Dans un contexte politique guinéen marqué par les tensions post-transition, l’ancien président Alpha Condé accuse les autorités en place d’utiliser la désinformation pour affaiblir son camp. À travers un discours offensif, il dénonce une stratégie de manipulation destinée à diviser l’opposition. Un phénomène qui, au-delà du cas guinéen, illustre les dérives informationnelles de plus en plus fréquentes dans les démocraties fragiles du Sahel.

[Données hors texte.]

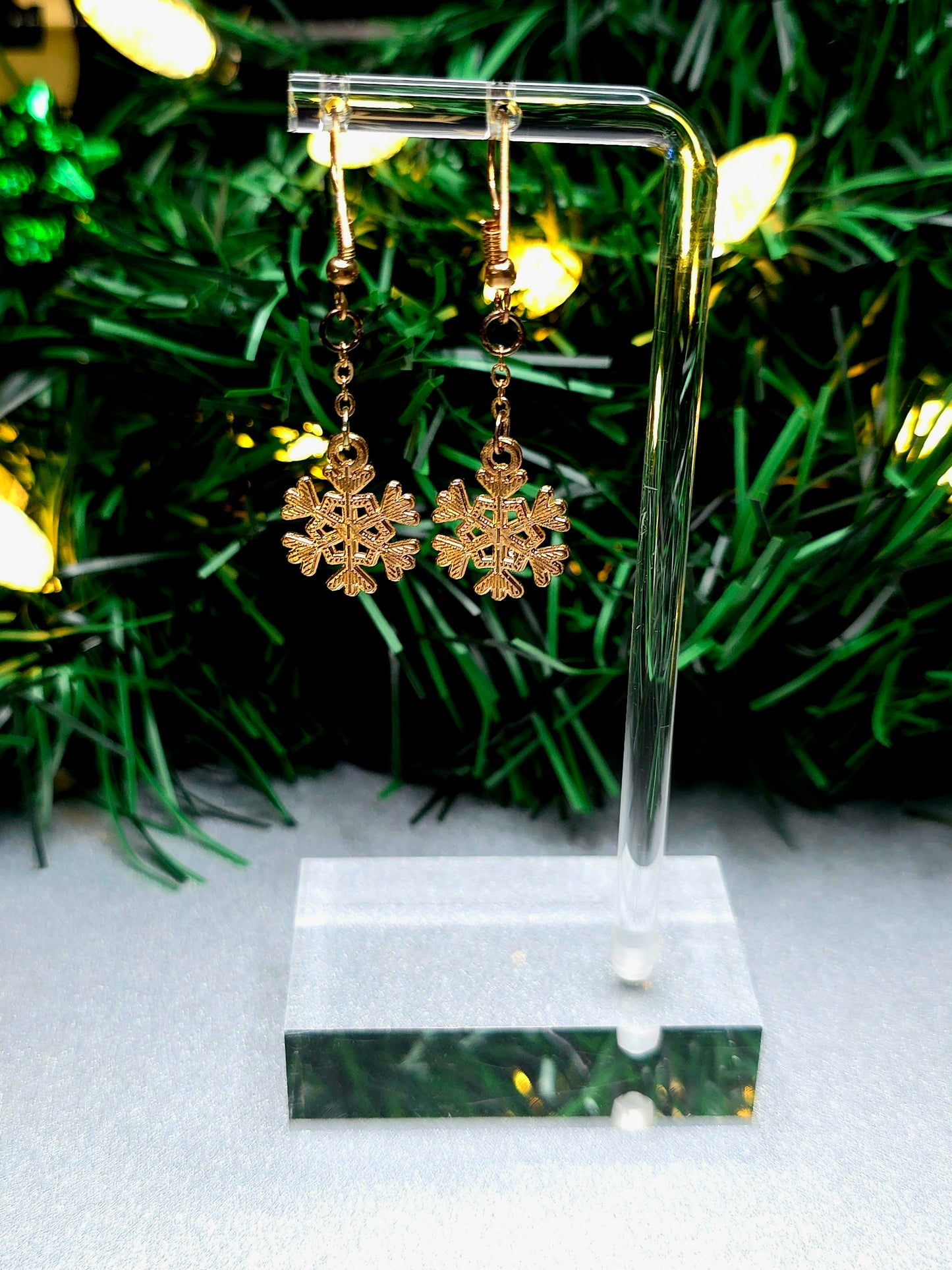 Snowflake Dangle Earrings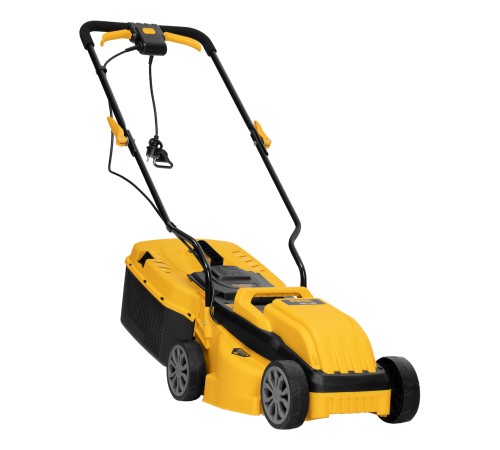 Газонокосилка электрическая GMC-1200, шир.,32см, 1200 Вт, 3 уров., травосб. 30 л Denzel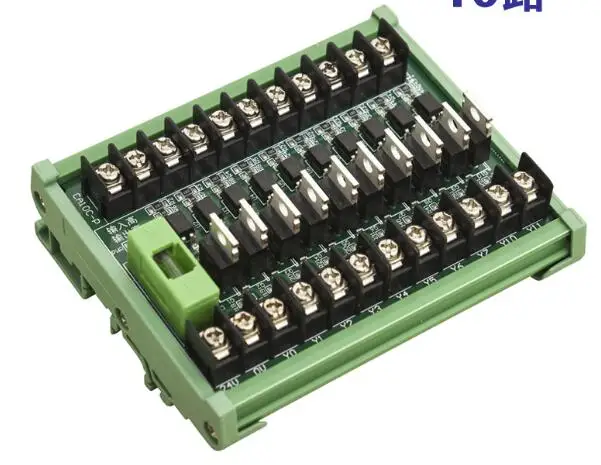 

10 Way PLC Power Amplifier Board Relay IO Isolation Board Solenoid Valve Drive Level Conversion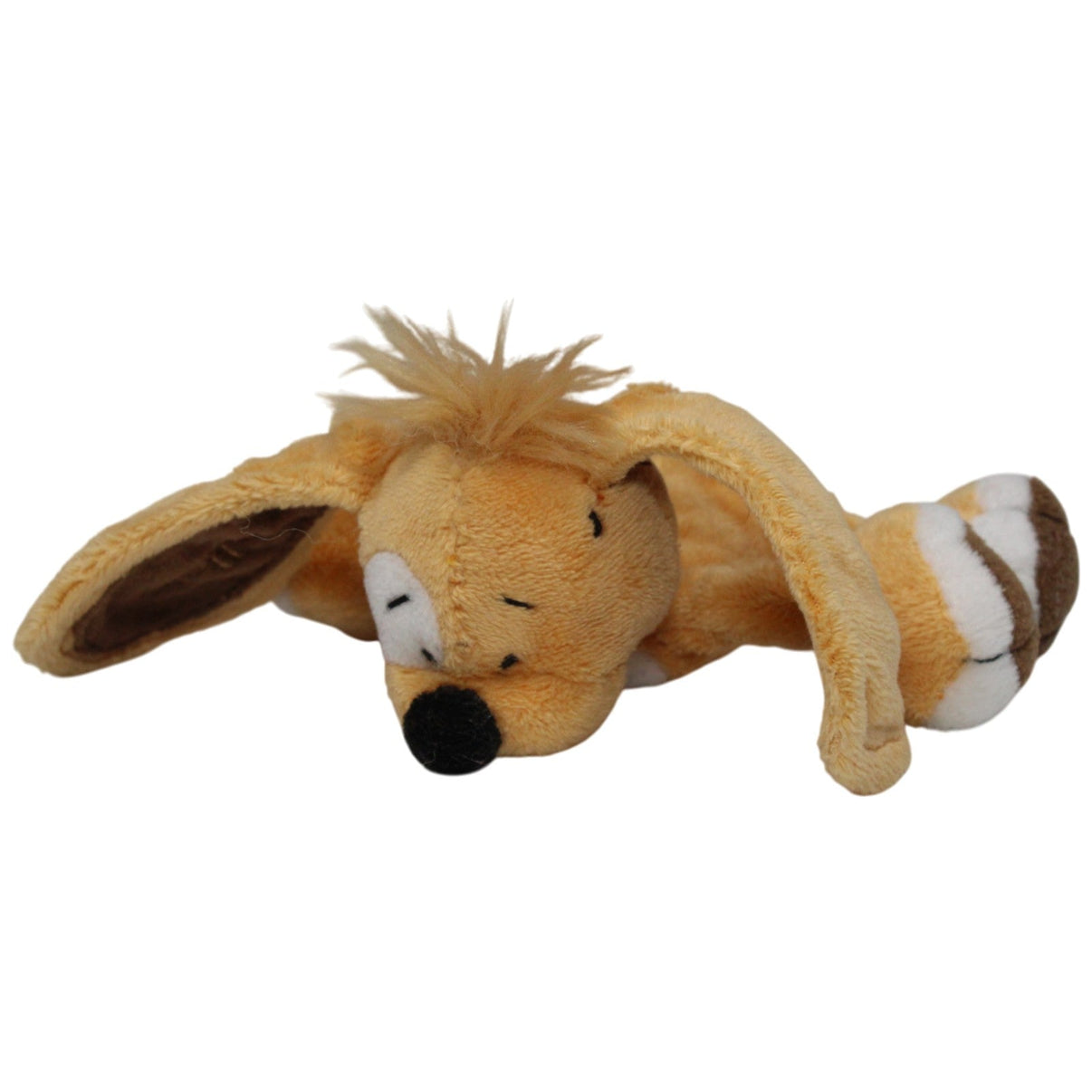 123000017624 Brina Trend Kleiner Hund Stoppel, liegend Kuscheltier Kumpel Leo 15cm Beige Braun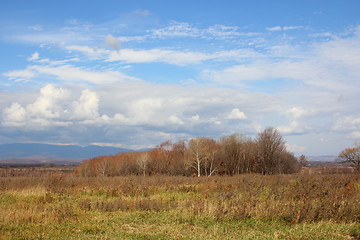 Image showing blue sky with clouds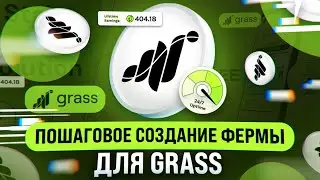 Зарабатываем от $210 в месяц на Grass! Пошаговое создание фермы аккаунтов!
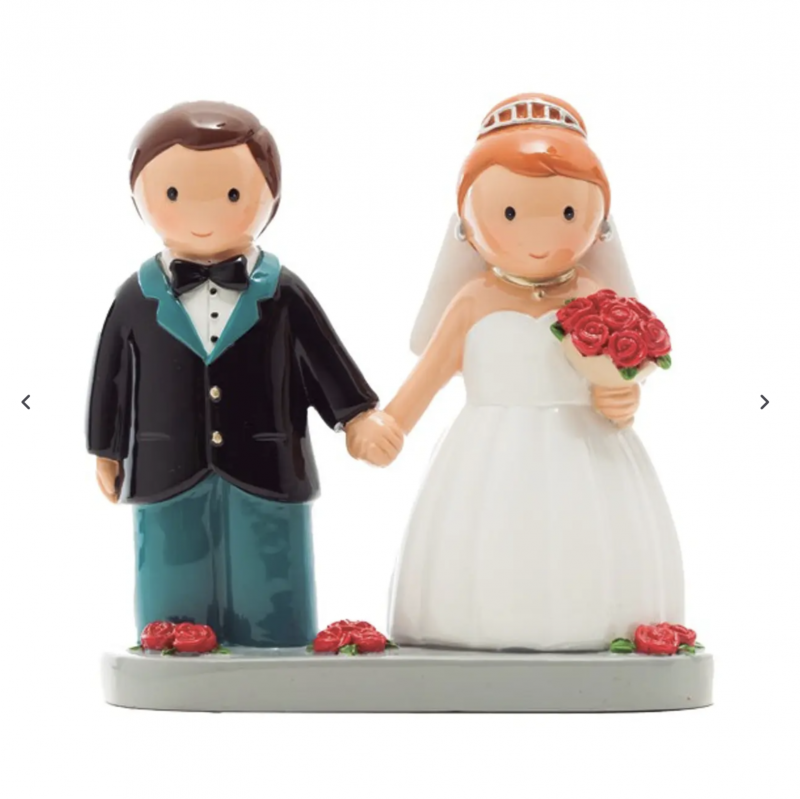 Figura Noivos com Flores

À Conakry, les tensions politiques semblent franchir un nouveau cap. Dans un communiqué rendu public le 7 avril 2025, l’ancien président Alpha Condé accuse le Conseil National du Rassemblement pour la Démocratie (CNRD), au pouvoir depuis le coup d’État de septembre 2021, de mettre en œuvre une stratégie de « manipulation et de désinformation » destinée à affaiblir son parti et à diviser l’opposition.
Chaque divergence est perçue comme une trahison
« Leur objectif est clair : nous diviser, semer la discorde et saper notre détermination », dénonce l’ex-chef de l’État, dans un texte au ton résolument combatif. Derrière cette rhétorique, se dessine une réalité de plus en plus perceptible sur la scène politique guinéenne, et plus largement dans plusieurs États d’Afrique de l’Ouest : l’usage de la désinformation comme levier d’influence, voire comme instrument de gouvernance.
Les accusations de l’ancien président, bien que partisanes, s’inscrivent dans un contexte régional où les rumeurs, les campagnes de diffamation en ligne, et les pressions sur les militants politiques deviennent des pratiques récurrentes. À mesure que les débats démocratiques peinent à se structurer dans les transitions en cours, les réseaux sociaux offrent un terrain fertile pour des récits alternatifs – souvent mensongers – qui fragilisent les partis, brouillent les lignes idéologiques et alimentent les tensions internes.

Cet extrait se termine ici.